> **Your task**
Output range, inclusive: from the line containing "Kobe III Low" to the line containing "HUNTER(ハンター)の「HUNTER/ハンタートートバッグ NYLON TOPCLIP". Restate those lines from the data below word for word and only those.

> **Materials provided**
>>>

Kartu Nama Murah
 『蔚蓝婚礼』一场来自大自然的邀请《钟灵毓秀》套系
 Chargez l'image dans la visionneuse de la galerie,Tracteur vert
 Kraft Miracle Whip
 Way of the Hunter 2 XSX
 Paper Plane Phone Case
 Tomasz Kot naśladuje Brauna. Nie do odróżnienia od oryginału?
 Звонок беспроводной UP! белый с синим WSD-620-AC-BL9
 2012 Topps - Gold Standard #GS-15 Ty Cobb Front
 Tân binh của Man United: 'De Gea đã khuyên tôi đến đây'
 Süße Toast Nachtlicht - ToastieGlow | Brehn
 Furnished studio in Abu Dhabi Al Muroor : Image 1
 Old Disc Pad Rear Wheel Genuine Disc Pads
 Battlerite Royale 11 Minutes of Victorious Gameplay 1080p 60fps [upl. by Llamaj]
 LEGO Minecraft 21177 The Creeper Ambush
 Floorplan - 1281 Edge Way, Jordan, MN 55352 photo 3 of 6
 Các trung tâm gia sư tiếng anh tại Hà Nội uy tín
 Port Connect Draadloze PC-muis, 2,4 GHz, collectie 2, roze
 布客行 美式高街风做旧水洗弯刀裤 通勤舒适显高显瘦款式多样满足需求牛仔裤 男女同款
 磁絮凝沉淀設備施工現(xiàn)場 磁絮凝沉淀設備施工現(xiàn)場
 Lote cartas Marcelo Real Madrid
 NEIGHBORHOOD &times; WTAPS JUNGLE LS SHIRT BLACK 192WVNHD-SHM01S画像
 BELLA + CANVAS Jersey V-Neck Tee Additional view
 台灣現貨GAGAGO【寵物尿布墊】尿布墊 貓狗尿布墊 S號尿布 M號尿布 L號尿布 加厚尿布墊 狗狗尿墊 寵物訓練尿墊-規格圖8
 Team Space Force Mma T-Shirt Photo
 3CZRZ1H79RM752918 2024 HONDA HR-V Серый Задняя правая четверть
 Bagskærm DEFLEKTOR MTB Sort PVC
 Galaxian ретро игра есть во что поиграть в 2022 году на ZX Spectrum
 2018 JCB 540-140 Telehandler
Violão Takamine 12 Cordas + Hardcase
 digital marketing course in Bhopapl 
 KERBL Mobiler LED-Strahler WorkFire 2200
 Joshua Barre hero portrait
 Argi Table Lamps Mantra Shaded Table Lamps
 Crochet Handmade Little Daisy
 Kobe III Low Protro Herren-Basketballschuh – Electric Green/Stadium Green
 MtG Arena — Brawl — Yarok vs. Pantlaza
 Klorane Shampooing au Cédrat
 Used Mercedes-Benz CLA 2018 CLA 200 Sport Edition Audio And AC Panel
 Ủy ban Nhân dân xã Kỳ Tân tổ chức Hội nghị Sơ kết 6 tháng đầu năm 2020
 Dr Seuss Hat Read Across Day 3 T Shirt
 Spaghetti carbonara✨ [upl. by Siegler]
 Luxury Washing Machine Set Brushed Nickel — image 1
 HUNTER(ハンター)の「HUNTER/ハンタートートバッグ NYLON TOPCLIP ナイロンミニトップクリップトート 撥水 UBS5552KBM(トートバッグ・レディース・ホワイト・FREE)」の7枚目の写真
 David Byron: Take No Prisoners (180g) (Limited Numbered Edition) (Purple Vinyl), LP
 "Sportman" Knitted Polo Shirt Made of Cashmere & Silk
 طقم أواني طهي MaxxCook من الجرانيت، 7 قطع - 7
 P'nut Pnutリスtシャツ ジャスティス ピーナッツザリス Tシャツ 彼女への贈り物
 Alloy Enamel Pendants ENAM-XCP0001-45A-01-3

<<<

> **Response to the exercise**
 Kobe III Low Protro Herren-Basketballschuh – Electric Green/Stadium Green
 MtG Arena — Brawl — Yarok vs. Pantlaza
 Klorane Shampooing au Cédrat
 Used Mercedes-Benz CLA 2018 CLA 200 Sport Edition Audio And AC Panel
 Ủy ban Nhân dân xã Kỳ Tân tổ chức Hội nghị Sơ kết 6 tháng đầu năm 2020
 Dr Seuss Hat Read Across Day 3 T Shirt
 Spaghetti carbonara✨ [upl. by Siegler]
 Luxury Washing Machine Set Brushed Nickel — image 1
 HUNTER(ハンター)の「HUNTER/ハンタートートバッグ NYLON TOPCLIP ナイロンミニトップクリップトート 撥水 UBS5552KBM(トートバッグ・レディース・ホワイト・FREE)」の7枚目の写真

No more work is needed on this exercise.